Kimberly Weisenborn, NPS
Description and Rationale
The quality of surface waters, marine waters, and groundwater is fundamental to the ecosystems across the Pacific islands. Park must determine the quality of their water resources, strive to avoid human-caused pollution occurring within and outside of park boundaries, and maintain surface waters and groundwaters as essential components of park aquatic and terrestrial systems.
All Pacific island national parks are also concerned about effects of adjacent land uses and increasing development in watersheds connected to the parks' marine, freshwater, and groundwater resources.
The four core parameters chosen for monitoring by the NPS Water Resources Division (temperature, conductivity/salinity, pH, and dissolved oxygen) provide baseline data for water quality assessment.

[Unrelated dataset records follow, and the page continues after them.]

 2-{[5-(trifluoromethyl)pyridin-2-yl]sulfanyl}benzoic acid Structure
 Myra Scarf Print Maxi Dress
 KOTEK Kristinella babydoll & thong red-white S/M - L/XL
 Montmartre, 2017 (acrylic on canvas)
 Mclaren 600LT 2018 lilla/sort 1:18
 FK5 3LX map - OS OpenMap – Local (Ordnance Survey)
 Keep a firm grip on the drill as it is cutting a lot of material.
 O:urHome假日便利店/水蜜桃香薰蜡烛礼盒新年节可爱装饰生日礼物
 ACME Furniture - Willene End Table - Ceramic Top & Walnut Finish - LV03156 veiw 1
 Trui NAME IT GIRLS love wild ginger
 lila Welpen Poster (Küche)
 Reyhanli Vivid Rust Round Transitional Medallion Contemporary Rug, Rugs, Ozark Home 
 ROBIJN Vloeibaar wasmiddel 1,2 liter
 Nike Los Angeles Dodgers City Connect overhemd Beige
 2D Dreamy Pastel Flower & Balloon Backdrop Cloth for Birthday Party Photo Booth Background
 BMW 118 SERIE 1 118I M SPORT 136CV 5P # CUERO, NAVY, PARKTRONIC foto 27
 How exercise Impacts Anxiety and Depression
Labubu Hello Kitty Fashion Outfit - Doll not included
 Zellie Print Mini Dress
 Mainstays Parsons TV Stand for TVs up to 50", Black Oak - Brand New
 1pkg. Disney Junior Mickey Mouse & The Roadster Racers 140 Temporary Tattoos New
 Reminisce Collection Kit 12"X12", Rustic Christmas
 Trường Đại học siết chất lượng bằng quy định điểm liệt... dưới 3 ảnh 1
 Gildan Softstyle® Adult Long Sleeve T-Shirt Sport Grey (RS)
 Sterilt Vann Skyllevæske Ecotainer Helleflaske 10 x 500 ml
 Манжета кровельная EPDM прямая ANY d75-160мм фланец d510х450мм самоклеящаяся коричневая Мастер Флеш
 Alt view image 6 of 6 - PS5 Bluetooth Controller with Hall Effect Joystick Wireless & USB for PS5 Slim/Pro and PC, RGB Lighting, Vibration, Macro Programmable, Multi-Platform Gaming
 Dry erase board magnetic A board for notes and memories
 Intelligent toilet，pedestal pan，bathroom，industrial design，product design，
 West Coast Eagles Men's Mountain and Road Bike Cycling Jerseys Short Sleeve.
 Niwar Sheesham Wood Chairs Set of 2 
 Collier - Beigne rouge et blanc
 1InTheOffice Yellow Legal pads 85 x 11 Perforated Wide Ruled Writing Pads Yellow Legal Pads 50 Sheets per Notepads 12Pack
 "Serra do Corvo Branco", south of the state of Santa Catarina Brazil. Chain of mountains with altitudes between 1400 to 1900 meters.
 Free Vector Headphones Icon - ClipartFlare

In addition, turbidity, total nitrate, total nitrogen, total phosphorous, and chlorophyll are monitored by the Pacific Island Network for their ecological significance.
Monitoring Objectives
- Determine the range and spatial variance on an annual basis of temperature, pH, salinity/conductivity, dissolved oxygen, turbidity, total nitrogen, total phosphorous, total nitrate, and chlorophyll in coastal marine waters, streams, wetlands, and anchialine pools.
- Determine the temporal (events, diurnal, seasonal, annual, decadal) and spatial trends, for temperature, pH, conductivity, and dissolved oxygen in coastal marine waters, streams, wetlands, and anchialine pools.